If we use the internet for anything, we are vulnerable.
A recent post on Social Media was “Only people for whom the last three digits of their phone number is less than 800 will get into heaven”. Sounds very innocuous and just really rather silly. But think about it. It gives potential hackers some very important information if you reply with the last 3 digits of your phone number, as so many people in that particular post. We each have a responsibility to ourselves to reduce that vulnerability. Social Media is like a goldmine to criminals because we let down our defences and share all sorts of things on there, without thinking that there could be consquences.

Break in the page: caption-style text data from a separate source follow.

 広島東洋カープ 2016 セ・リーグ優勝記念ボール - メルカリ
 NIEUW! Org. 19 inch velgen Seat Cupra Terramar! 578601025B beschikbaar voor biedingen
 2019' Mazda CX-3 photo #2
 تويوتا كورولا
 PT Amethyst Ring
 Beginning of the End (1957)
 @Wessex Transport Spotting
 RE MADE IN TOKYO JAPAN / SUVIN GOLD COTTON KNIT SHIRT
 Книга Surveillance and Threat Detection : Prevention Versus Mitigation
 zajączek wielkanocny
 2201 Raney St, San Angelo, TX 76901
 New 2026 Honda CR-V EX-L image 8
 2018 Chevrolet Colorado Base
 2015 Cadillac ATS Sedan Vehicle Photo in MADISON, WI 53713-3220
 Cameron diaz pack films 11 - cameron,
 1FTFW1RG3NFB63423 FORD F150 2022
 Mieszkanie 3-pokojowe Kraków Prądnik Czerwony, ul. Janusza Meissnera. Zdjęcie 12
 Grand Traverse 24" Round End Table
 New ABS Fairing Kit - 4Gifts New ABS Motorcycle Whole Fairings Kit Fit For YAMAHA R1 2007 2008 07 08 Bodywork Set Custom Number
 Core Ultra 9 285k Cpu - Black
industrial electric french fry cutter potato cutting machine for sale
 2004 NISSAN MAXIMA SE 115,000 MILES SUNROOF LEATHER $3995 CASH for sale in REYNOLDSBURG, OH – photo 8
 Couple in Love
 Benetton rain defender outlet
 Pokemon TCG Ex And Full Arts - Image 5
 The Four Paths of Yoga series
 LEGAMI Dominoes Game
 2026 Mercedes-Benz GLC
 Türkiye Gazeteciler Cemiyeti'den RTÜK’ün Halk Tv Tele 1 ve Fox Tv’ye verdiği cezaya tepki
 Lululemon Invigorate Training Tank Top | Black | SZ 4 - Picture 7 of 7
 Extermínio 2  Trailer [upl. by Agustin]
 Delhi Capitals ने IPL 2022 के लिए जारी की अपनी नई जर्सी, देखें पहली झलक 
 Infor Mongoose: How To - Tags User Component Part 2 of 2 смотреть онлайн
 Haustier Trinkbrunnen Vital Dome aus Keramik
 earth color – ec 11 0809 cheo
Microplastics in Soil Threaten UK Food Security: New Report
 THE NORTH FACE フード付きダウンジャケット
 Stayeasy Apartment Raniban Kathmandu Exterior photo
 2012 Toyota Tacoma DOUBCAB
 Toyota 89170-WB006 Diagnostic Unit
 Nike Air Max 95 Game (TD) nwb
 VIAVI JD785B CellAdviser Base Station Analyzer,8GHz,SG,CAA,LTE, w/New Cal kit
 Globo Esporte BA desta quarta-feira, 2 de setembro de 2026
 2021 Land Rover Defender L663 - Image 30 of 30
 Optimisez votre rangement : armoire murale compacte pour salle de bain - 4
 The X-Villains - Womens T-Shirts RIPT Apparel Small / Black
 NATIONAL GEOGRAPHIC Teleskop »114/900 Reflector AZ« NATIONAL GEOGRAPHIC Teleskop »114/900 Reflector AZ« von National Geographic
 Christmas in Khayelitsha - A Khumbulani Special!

For a long time, having heard about Password Managers, I was concerned that they might be subject to hacking themselves. 18 months ago, I finally signed up to one of them and it was the best thing I could have done. I have an impossible to guess, unique password for all of my accounts. All I need to do is remember one password. That’s easy because it is one that means something to me but cannot be guessed by anyone else. I also change it from time to time, and it will be influenced by things in my life.
If any of the organisations for which I have an account held within the manager is hacked, I get a notification to warn me and that enables me to change the password quickly. The system will generate a secure password, whenever I want one. If I don’t have the account in my manager when I log on or when I create it, it will ask me if I want to add it. I have the manager across all devices so it doesn’t matter where I am logging in from, I can access my passwords, and if there is the odd password that I need to share, I can do that securely too. Running a business means some accounts only have one login and that password needs sharing.
- Managing my passwords has become easy.
- Accessing my passwords is easy
- All of my passwords are unique
- All of my passwords are impossible to guess
- My password manager allows me to store other sensitive data too, such as details of my bank accounts & driving licence. And they are with me wherever I go.
And of course having a unique password for each and every account (over 100 to date), means that if any of the organisations for whom I have an account, suffers a data breach, the hackers only have one password for that one account which I can quickly change. They can’t use it with my e-mail address to access any other account and neither do I need to spend time changing all the other accounts with the same password because there isn’t one!
If you have resisted making things more difficult for criminals, because it would then just make things too difficult for you, think again. I was pleasantly surprised.
Remember, alwaystake Cyber Security Seriously. You are responsible for keeping your personal information private information private.